- ACTIVITY: Reproduce exactly only the lines from the line that holds "LOUIS VUITTON M55302" to the line that holds "Feuerwerksdirektor Partying like's", inclusive, in the listing below, and please leave out every picture.

- EXERCISE INPUT:
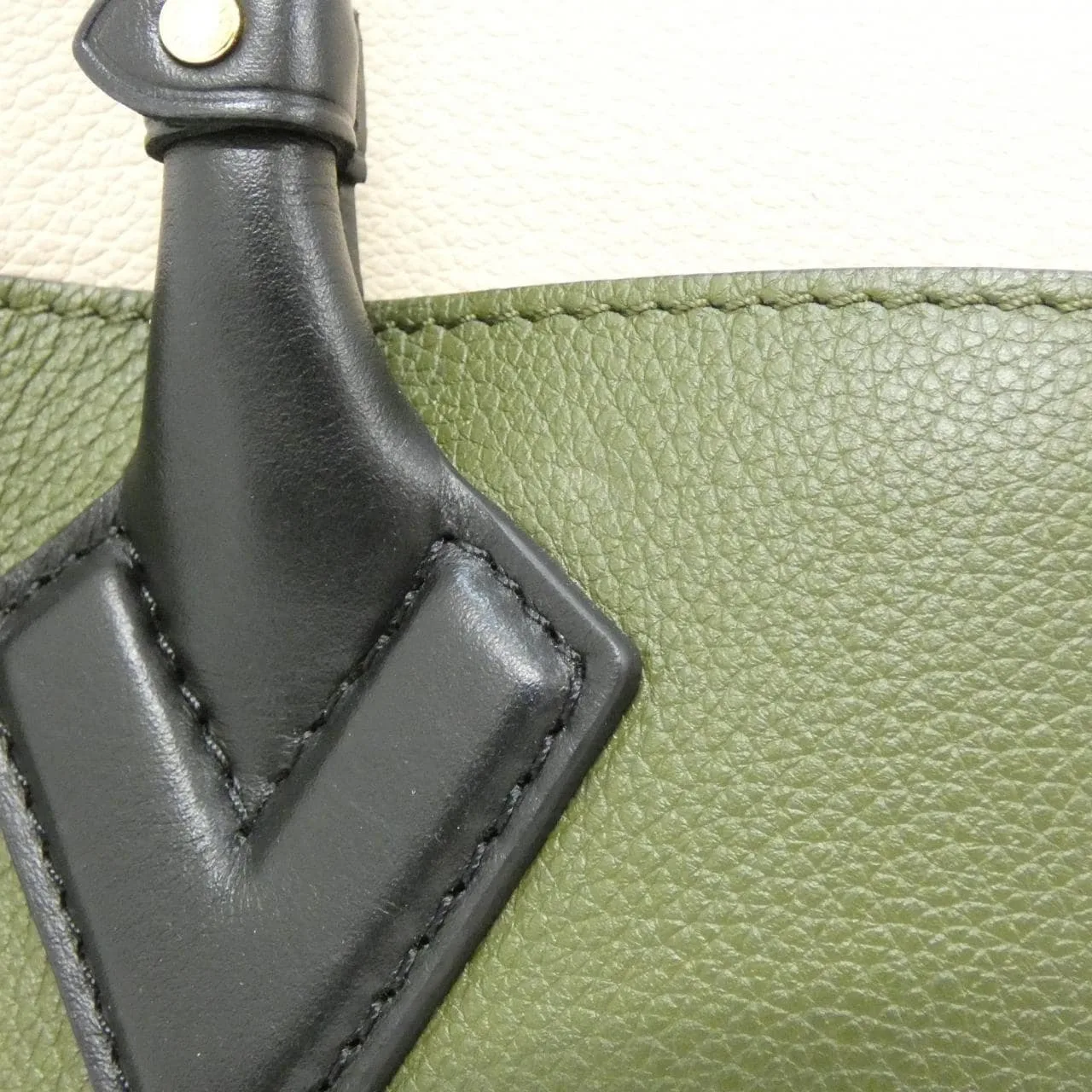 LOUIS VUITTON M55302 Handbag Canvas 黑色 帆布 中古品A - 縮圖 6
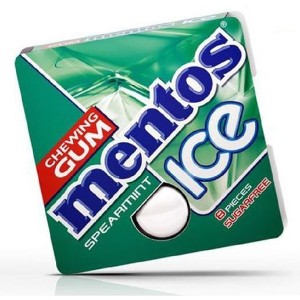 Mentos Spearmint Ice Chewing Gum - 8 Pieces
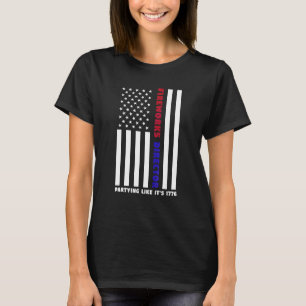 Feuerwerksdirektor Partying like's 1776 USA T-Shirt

==

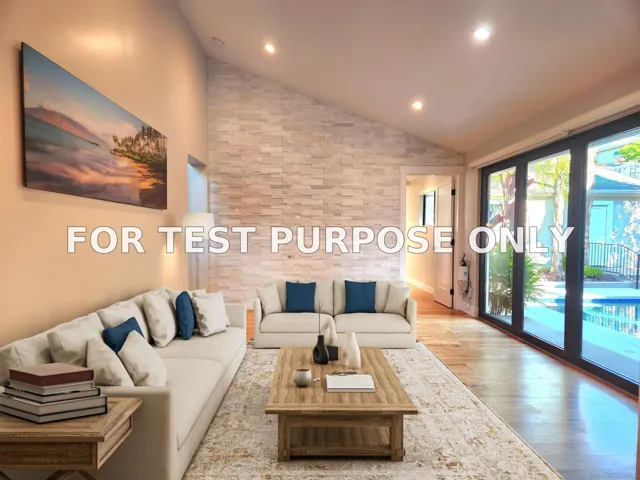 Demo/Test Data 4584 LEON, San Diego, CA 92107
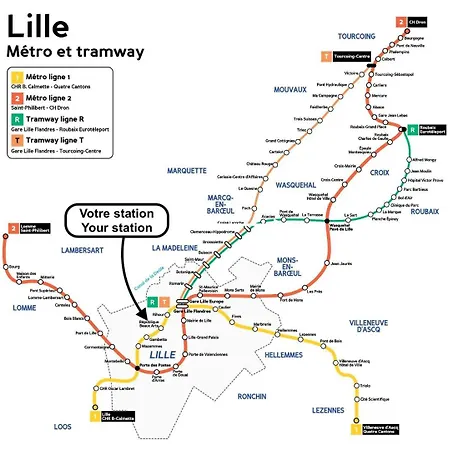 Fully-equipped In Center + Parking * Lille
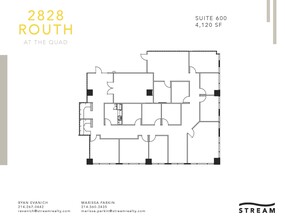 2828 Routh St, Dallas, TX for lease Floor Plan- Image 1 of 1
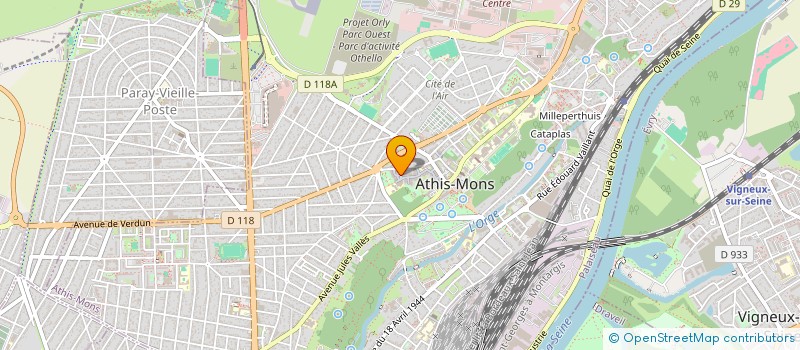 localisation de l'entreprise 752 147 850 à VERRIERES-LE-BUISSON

==

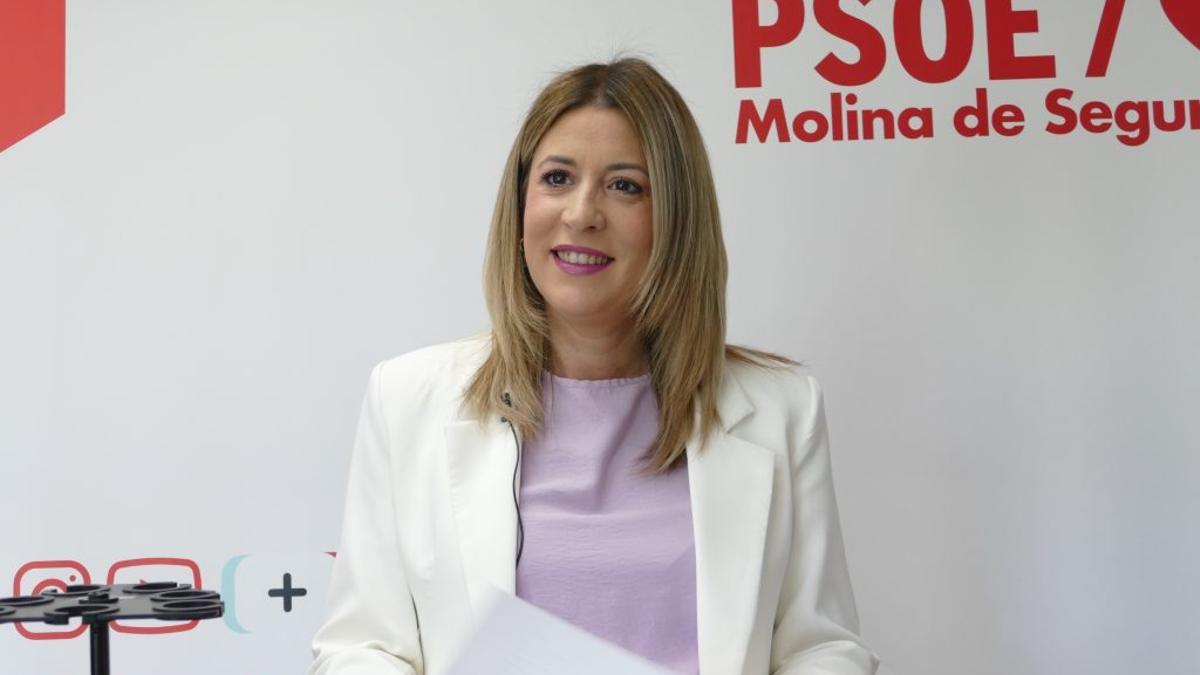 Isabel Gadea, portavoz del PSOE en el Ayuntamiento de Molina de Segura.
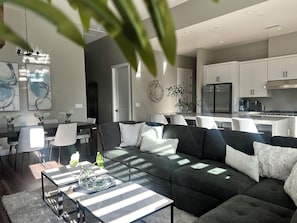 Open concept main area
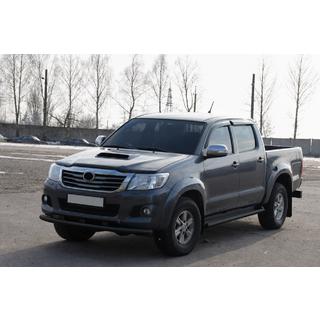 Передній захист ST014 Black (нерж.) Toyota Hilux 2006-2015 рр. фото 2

- OUTPUT FOR THIS TASK:
 LOUIS VUITTON M55302 Handbag Canvas 黑色 帆布 中古品A - 縮圖 6
 Mentos Spearmint Ice Chewing Gum - 8 Pieces
 Feuerwerksdirektor Partying like's 1776 USA T-Shirt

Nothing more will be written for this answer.